-- THE PROBLEM --
Give exactly the lines from the one with "MI license plate DLC7537" through the final line of the listing below, both included, leaving out any pictures.

*** RECORDS FOR THIS EXERCISE

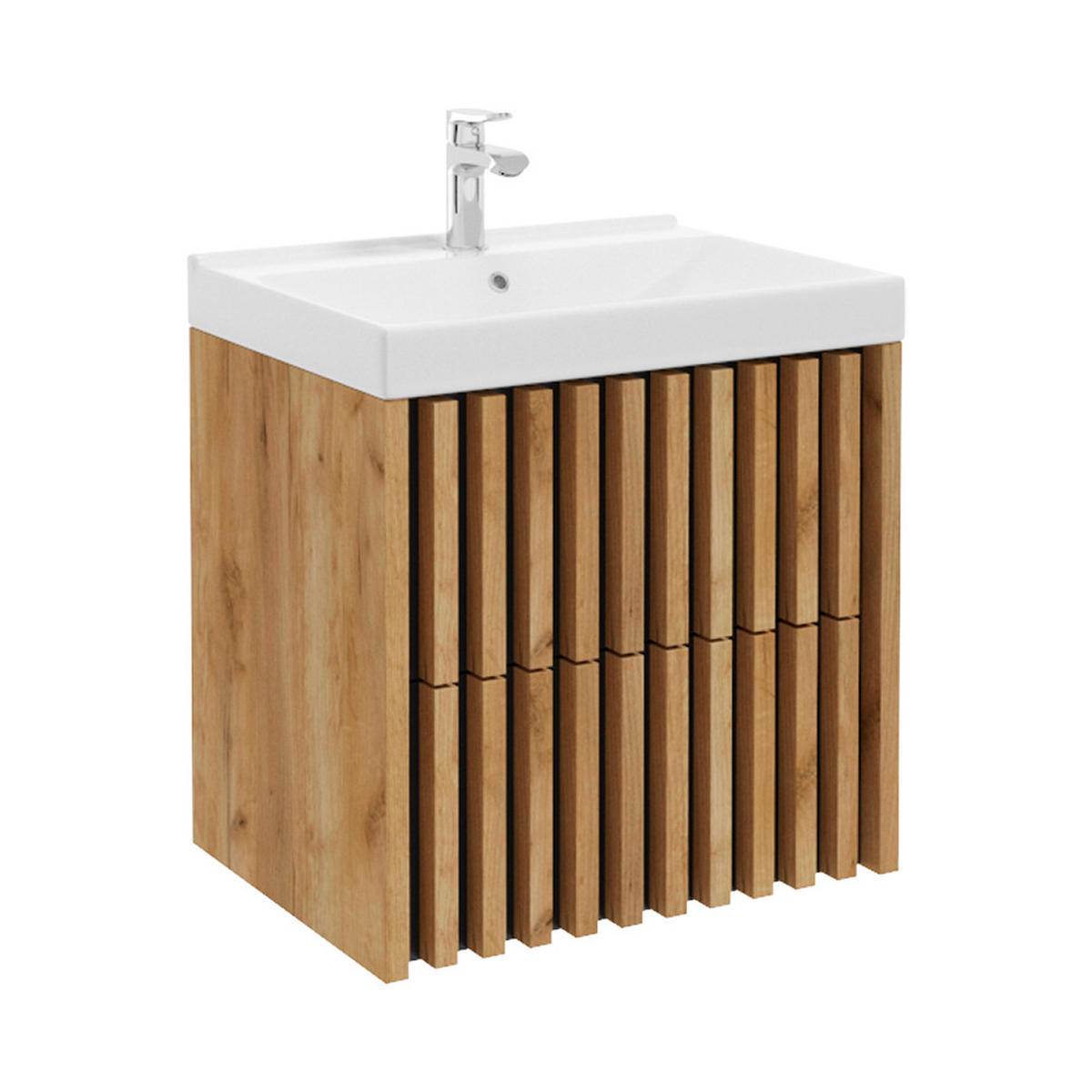 WASCHTISCH Lucca-107 - Braun, Holzwerkstoff (61/63/46cm) - Lomado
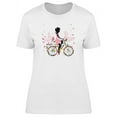 thumbnail image 1 of Girl With Flower Bicycle T-Shirt Women -Image by Shutterstock, Female Small, 1 of 2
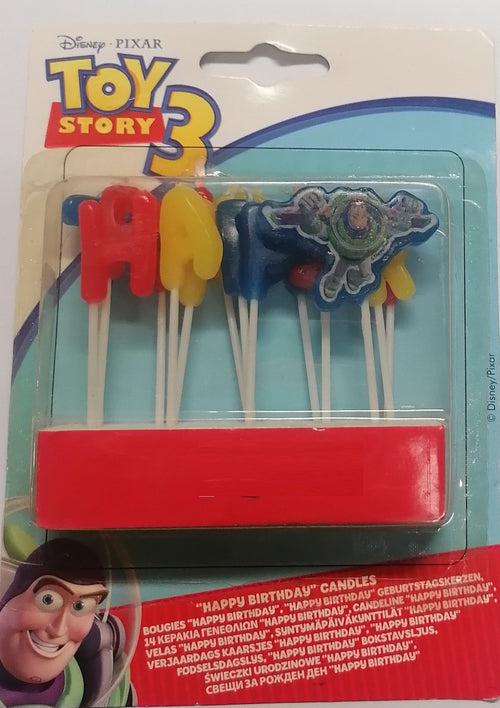 CANDELE HAPPY BIRTHDAY TEMA TOYS STORY***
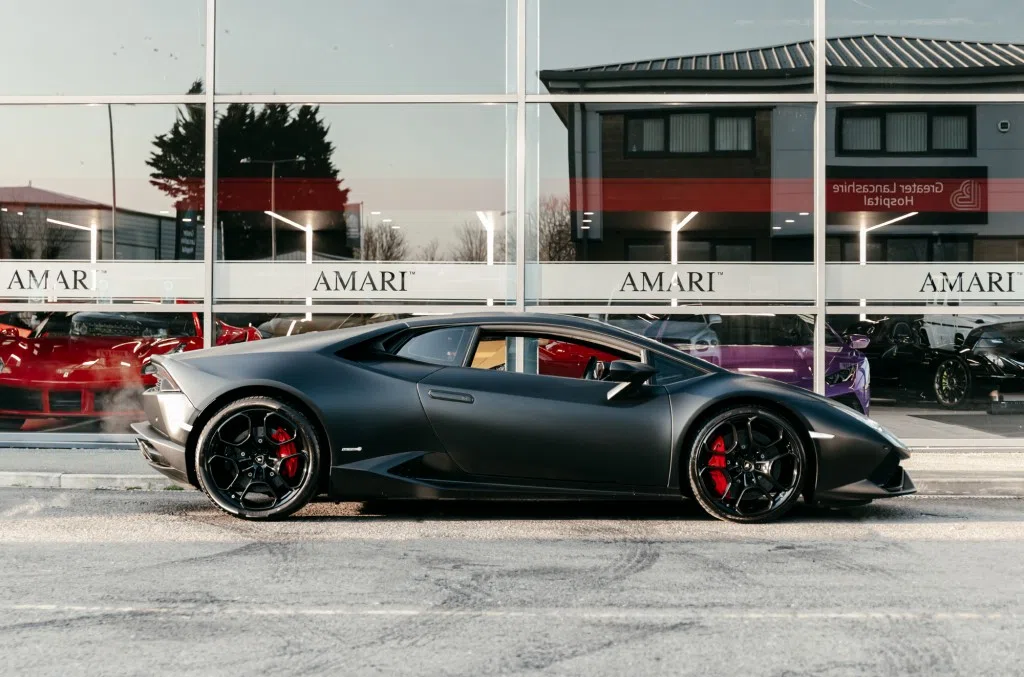 2015 Lamborghini Huracan for sale, exterior, Black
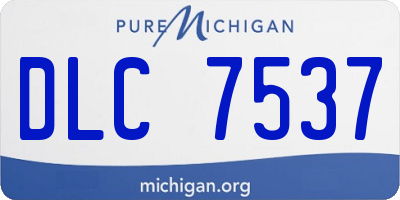 MI license plate DLC7537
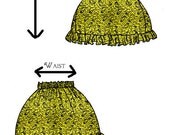 Hufflepuff Yellow & Black Skirt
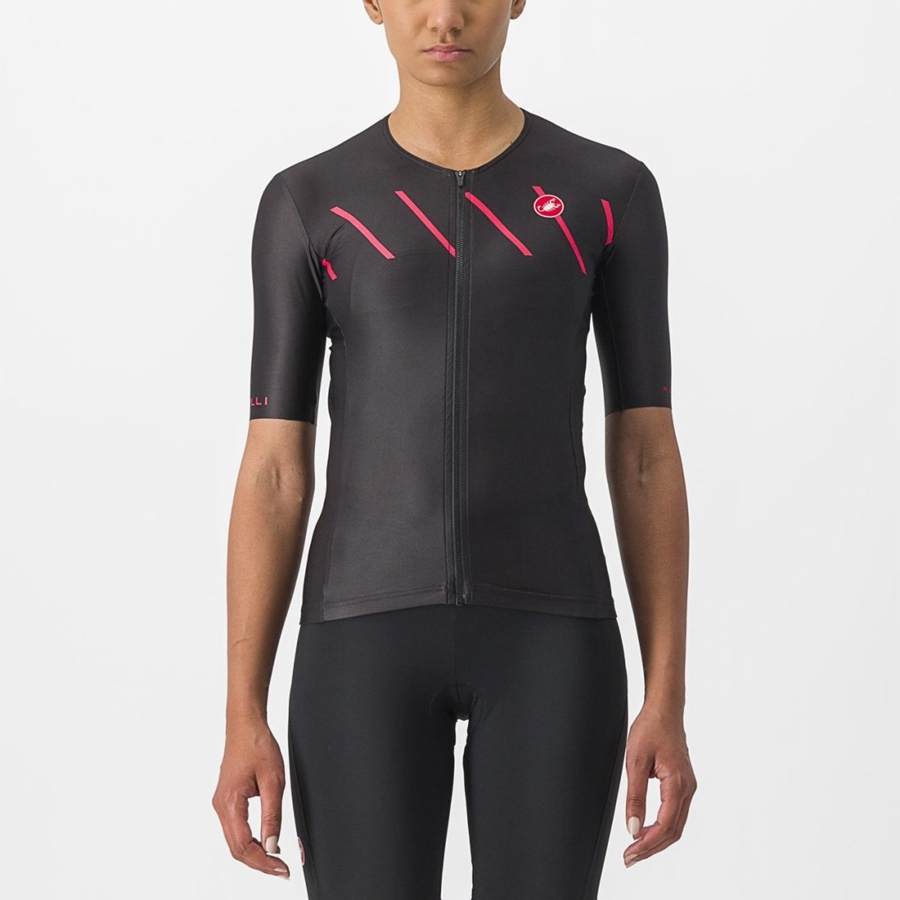 Castelli FREE SPEED 2 W RACE TOP レディース スーツ 黒 | 391265-VWU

******

-- SOLUTION TO THIS PROBLEM --
 MI license plate DLC7537
 Hufflepuff Yellow & Black Skirt
 Castelli FREE SPEED 2 W RACE TOP レディース スーツ 黒 | 391265-VWU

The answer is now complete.